İnsanlar niçin bir cemaatin parçası olmak ister? Zygmunt Bauman bu soruya *hiçbir zaman tam olarak elde edemeyecekleri güvenceye ulaşabilmek için* yanıtını veriyor.
Yazara göre cemaat şiddetli yağmurda altına sığındığımız bir saçağa, dondurucu soğukta içinden çıkmak istemediğimiz şömineli bir odaya benzer. Dışında olduğumuz zaman hemen ona sığınmak ister, sığınınca tüm sorunlarımızın çözüleceğini düşünürüz. Ama sığındıktan sonra, bu sığınmanın bir bedeli olduğunu görürüz. Özgürlüğümüzü yitirir, içeridekilerle aynılaşır ve dışarıda kalanlarla bitmek bilmeyen bir kavgaya tutuşuruz.
Bu arayış mistiği Yunan mitolojisinde anlatılan öykülerden birine konu olmuştur.
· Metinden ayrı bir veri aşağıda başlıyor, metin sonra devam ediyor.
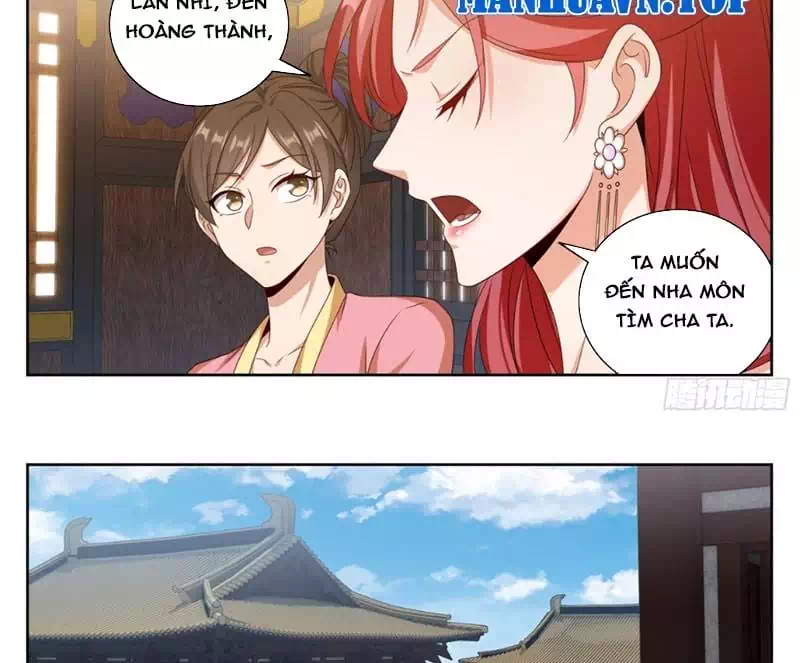 Truyện Tranh Đại Phụng Đả Canh Nhân trang 4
Tanrılar kendilerine ölümsüzlük veren yiyecek ve içeceklerden ölümlülere tattırarak büyük bir suç işleyen Tantalos’a öyle bir ceza verirler ki, Tantalos ırmağın içinde boğazına kadar suya batmış halde duracak, fakat su içmek için başını her eğişinde sular Tantalos’tan kaçacaktır.
İşte ideal cemaat de böyledir; ona ne zaman elimizi uzatsak, elimizden kaçıp kurtulacak, yana yakıla aradığımız güvenceyi bize vermeyecektir.